First, you’re a creator. You define system intent and architecture. You make decisions. Before, most of my time went to typing syntactically correct code, even though the real thinking was always creative - designing systems, solving problems. Now that burden is gone. I can create bigger systems in less time. My creativity finally gets the time it deserves.
Second, you’re an owner. A large language model is just that - a language model. As the tax-paying, liable employee, I am responsible for proofreading and vouching for what it produces. The value I bring is working code, not unverified AI slop. The craft is no longer writing - it’s creating and owning.
Since November, I haven’t typed a single line of code. Yet I’m operating at maximum productivity. My entire career’s accumulated knowledge now works at breakneck speed. This isn’t theoretical - it’s my daily reality.
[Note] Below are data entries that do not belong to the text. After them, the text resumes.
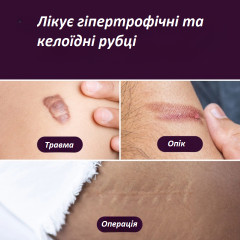 Пластыри для коррекции шрамов Mederma Silicone Small 4 штуки 3,5 х 7,6 см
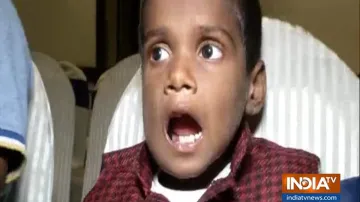 चेन्नई में दुनिया का सबसे अनोखा ऑपेरशन, 7 साल के बच्चे के मुंह से निकाले 526 दांत- India TV Hindi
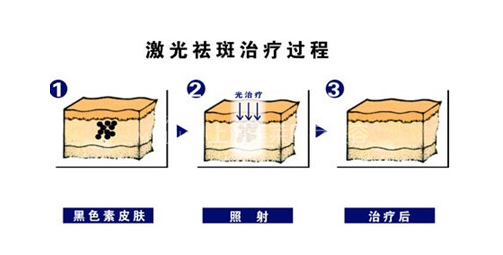 祛斑示意图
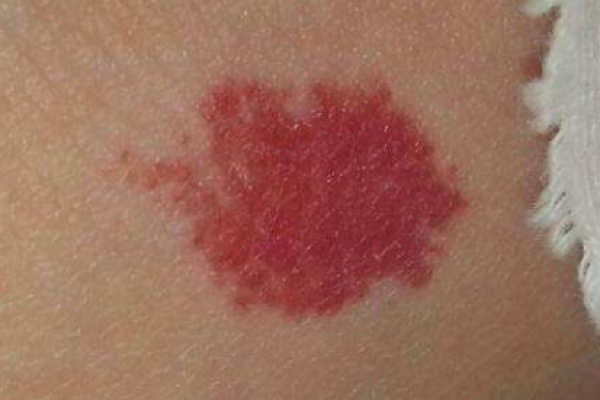 红胎记算命图解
The surprising new bottleneck
Here’s something I didn’t expect: human-to-human knowledge transfer is now the constraint. When AI and I produce a massive pull request in hours, it takes another engineer longer to understand the changes than it took us to generate them. The time for human comprehension exceeds the time for AI generation. This fundamentally inverts the traditional workflow.
What I’ve learned about working effectively
A few things have become essential.
Connect everything. Link all your information sources to AI tools for direct querying. Document obsessively. Maintain organized research notes and context documents. Understanding how language models generate text determines how effectively you feed them context. And build for ownership - when investigating critical issues with AI, you make leaps of faith without time to verify every claim. Your systems must have clear, testable interfaces so you can stand behind the output.
What matters now
Some things remain critical: system design with testable interfaces, fundamental software architecture principles, domain knowledge and judgment. These haven’t changed.
But other things? They no longer matter as much as they used to. Code style and readability conventions. Line-by-line code comprehension. Traditional notions of “clean code”. I know this will be heresy to some (it would have been to me, not long ago).
The divide
This is the watershed. Engineers who focus solely on writing code may find their skills less valued. But for those willing to think architecturally and embrace creating through AI systems, we’ve been handed superpowers.
The profession is splitting into before and after. We’re standing at the divide right now. Software engineering is shifting from a writing profession to a creating and owning profession. Those who adapt to creating through AI and owning the output will thrive. Those who don’t will be left behind - and it’s happening in months, not years.